[Start of section]
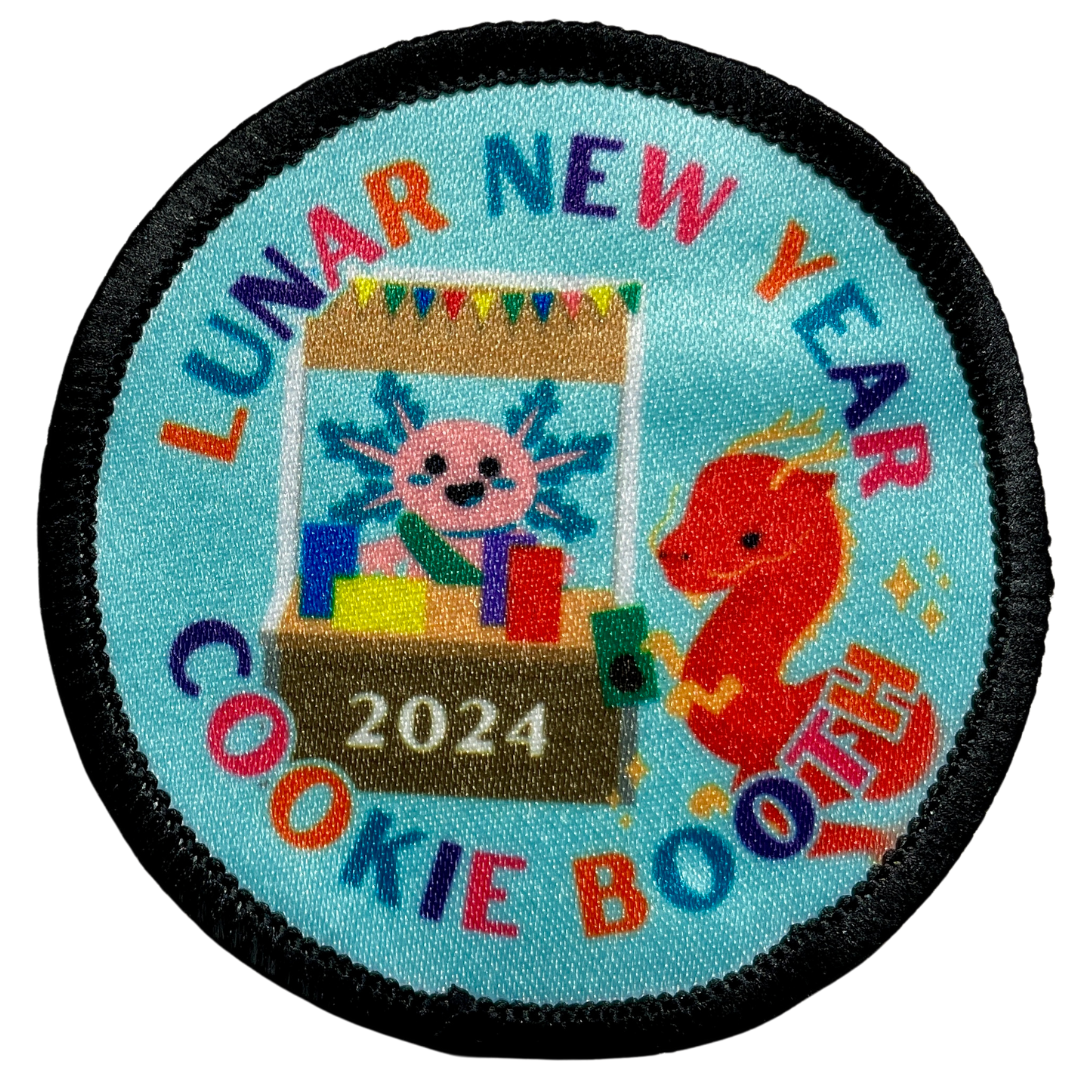 Cookie Season Lunar New Year Cookie Booth Axolotl Sublimated Patch | 2.57" Iron-On | Polyester Design | Year of the Dragon 2024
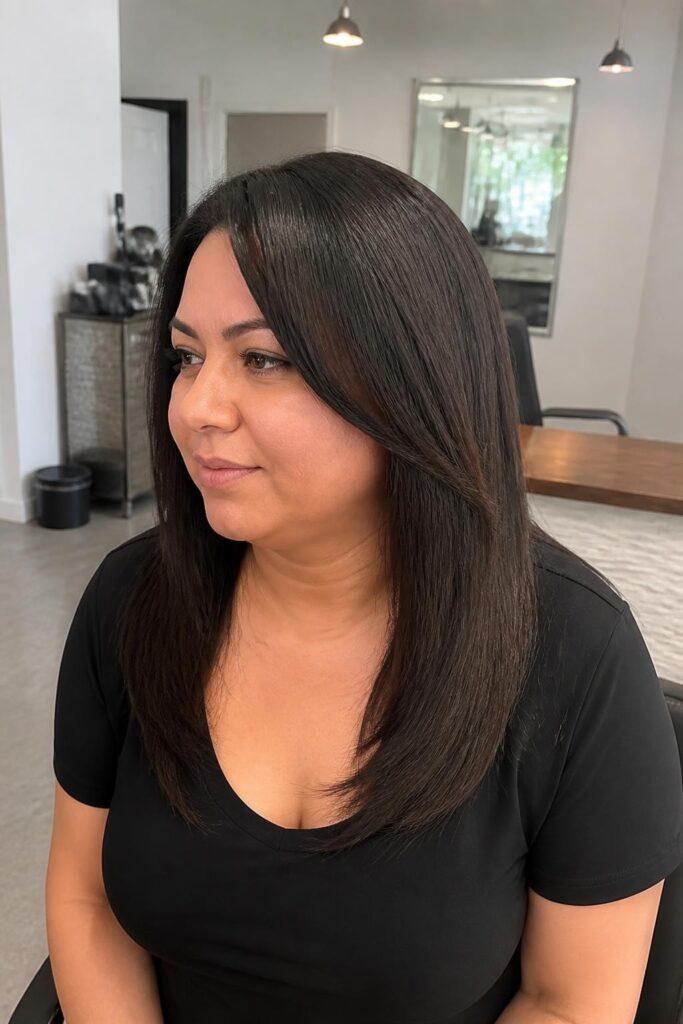 Straight hair with angled ends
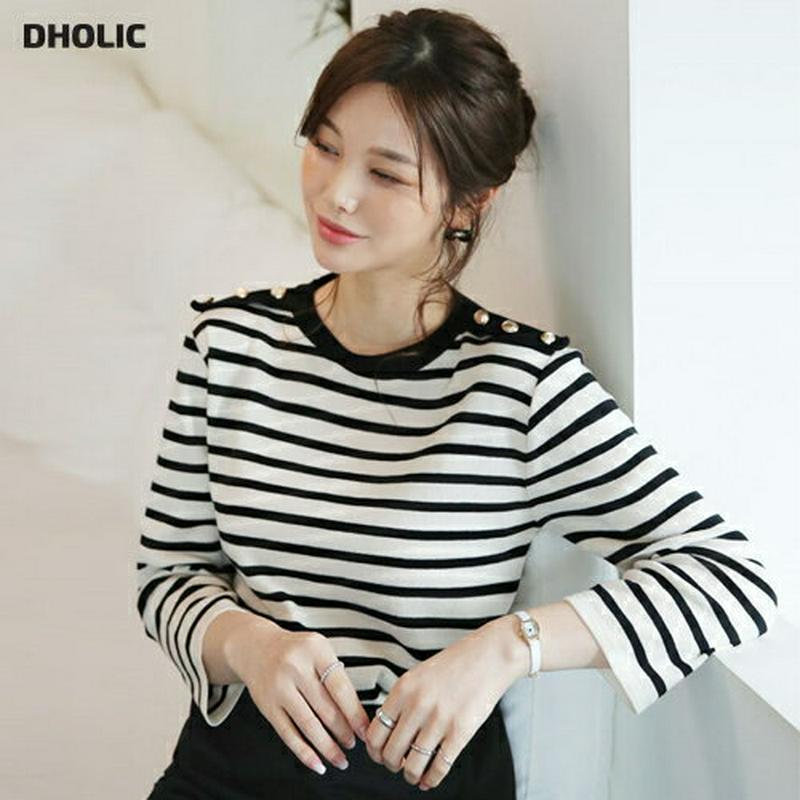 【只今10%OFF】ボタンボーダーニット・全3色・b60907 レディース【tops】【トップス ニット ニットトップス ボーダ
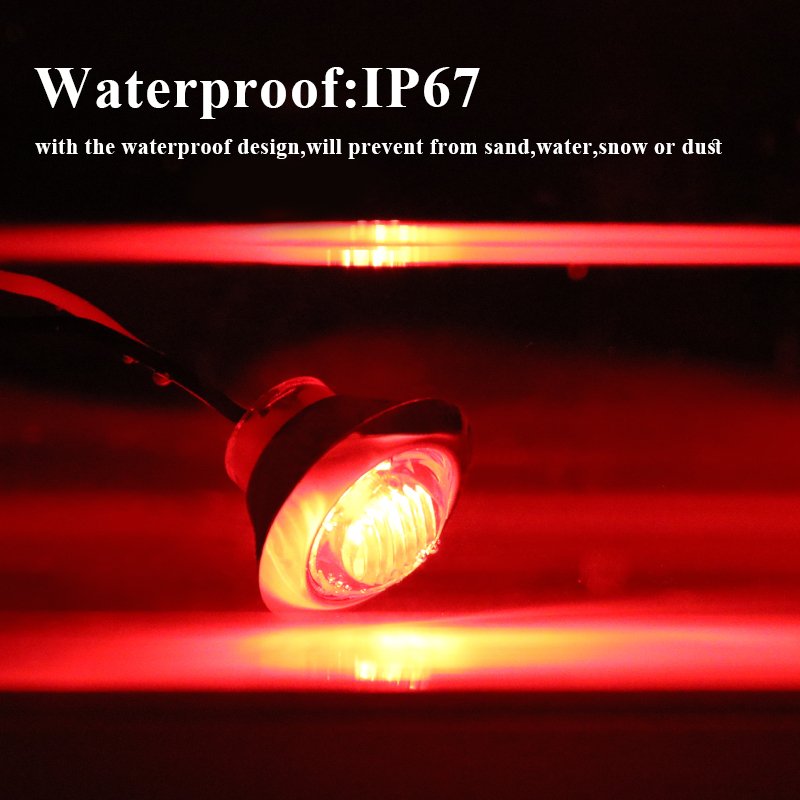 Side Marker Light Flush Mount Auxiliary Bumper air Cleaner Light Smoke Dark Lens Illuminated Decora for Truck Trailer Bus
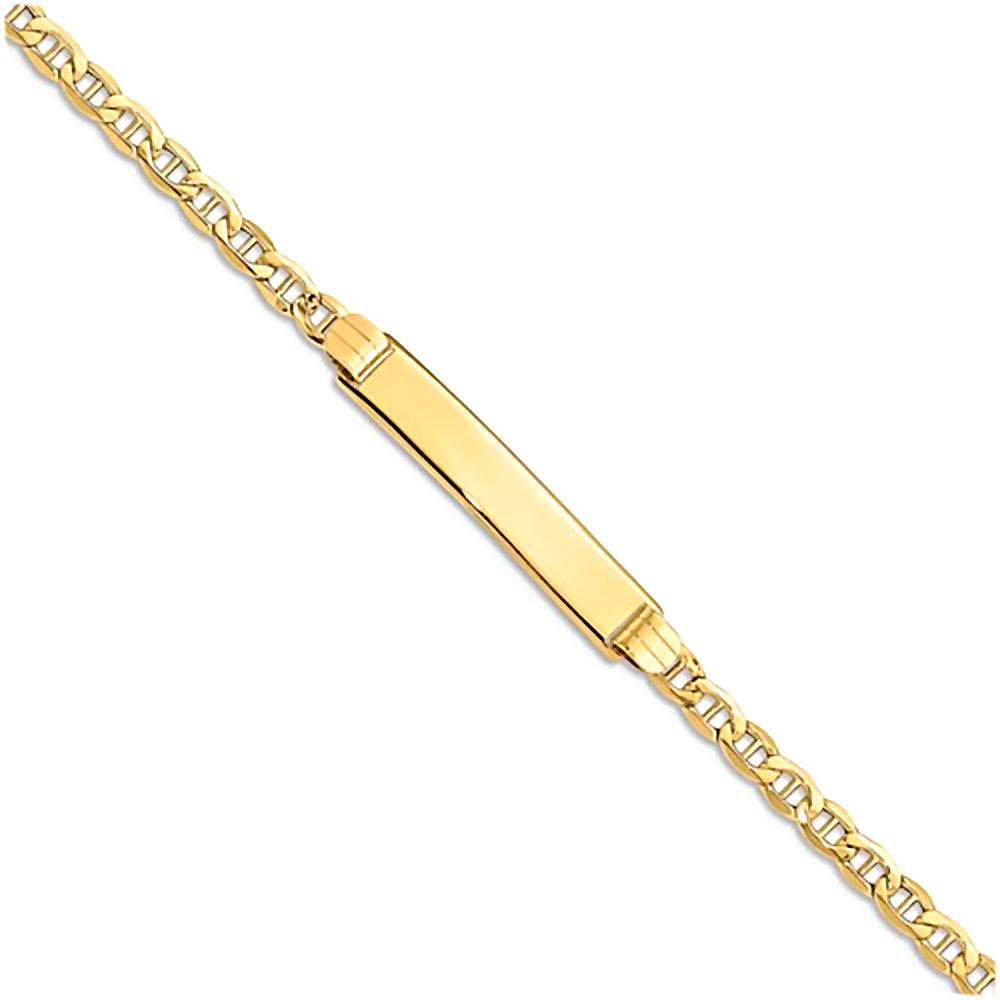 14K Yellow Gold Engravable Bar and 3.5mm Semi-Solid Anchor Chain Bracelet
[End of section]
> [GOAL OF THE EXERCISE]: With the pictures removed, print the entries above exactly.

> [RESULT BELOW]:
 Cookie Season Lunar New Year Cookie Booth Axolotl Sublimated Patch | 2.57" Iron-On | Polyester Design | Year of the Dragon 2024
 Straight hair with angled ends
 【只今10%OFF】ボタンボーダーニット・全3色・b60907 レディース【tops】【トップス ニット ニットトップス ボーダ
 Side Marker Light Flush Mount Auxiliary Bumper air Cleaner Light Smoke Dark Lens Illuminated Decora for Truck Trailer Bus
 14K Yellow Gold Engravable Bar and 3.5mm Semi-Solid Anchor Chain Bracelet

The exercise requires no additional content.